The Bill also provides for the modernisation of the bank, in keeping with international best practices, according to Minister of Finance and the Public Service Dr Nigel Clarke, in its Memorandum of Objects and Reasons.

Dr Clarke announced the members of the JSC chosen from the floor of the House as: himself, as chairman; Minister of Justice Delroy Chuck; Minister without portfolio in the finance ministry, Fayval Williams; Minister of state in the Ministry of Education, Youth and Information, Floyd Green; and Leslie Campbell, MP, for the Government; and, for the Opposition, spokesman on finance Mark Golding, spokesman on industry and investment Peter Bunting; and, spokesman on tourism, Dr Wykeham McNeil.

The Senate is expected to announce its members when it meets again, which is likely to be Friday.

Clarke told the House that the aim of the reform is to institutionalise “low, stable and predictable inflation indefinitely”.

“And therefore, as a single legislation, this represents one of the most important reforms that we would have done when we have completed this period of reform,” he noted.

He said that he wished that the Bill be referred to a JSC of Parliament, but prior to that it has to be read a second time in the House. He also thanked all who contributed to the drafting and tabling of the Bill.

“The central bank represents our collective savings, and for any country a central bank is a crucial institution,” Clarke told the House.

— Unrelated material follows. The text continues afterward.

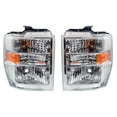 thumbnail image 1 of New Pair Of Halogen Headlights Compatible With Ford E-350 Super Duty XL Extended Passenger Van 3 Door 5.4L 2008 2009 2010 2011 2012 2013 2014 part number FO2503249 FO2502249 AC2Z-13008-D AC2Z-13008-C, 1 of 5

He said that the Bill seeks to improve the governance of the central bank — to strengthen and deepen the governance — and seeks to introduce transparency to monetary policy decisions and actions of the bank.

He also said that the Bill seeks to clarify the mandate of the bank, and to give it autonomy and independence in law, in the implementation of monetary policy.

He added that it would also ensure that that the bank is adequately capitalised at all times, with a dynamic capitalisation provision that if its capital falls below prescribed levels, then the bank will be capitalised, and if it rises above a certain level there would be distribution to the Government.

Golding said the Bill represented another important step in modernising the financial architecture of the country.

“We are coming from a place in which the country's finances have been dominated by the effect of high indebtedness, and that has required significant focus and sacrifice on the part of the Jamaican people and commitment from successive governments to bring that under control,” Golding stated.

He said that he looked forward to “robust and well-thought-out and constructive debate” in the JSC.

Clarke disclosed in July that the Cabinet had approved amendments to several laws governing Bank of Jamaica (BOJ) operations to make the entity more independent, and promised that the Bill would be tabled in Parliament in October.

He said that the Bill would amend the Bank of Jamaica Act, as well as the Banking Services Act and the Public Bodies Management and Accountability Act.

He also said that the changes are intended to enhance the BOJ's governance structure through clear demarcation and assignment of roles for policy decision-making and daily management.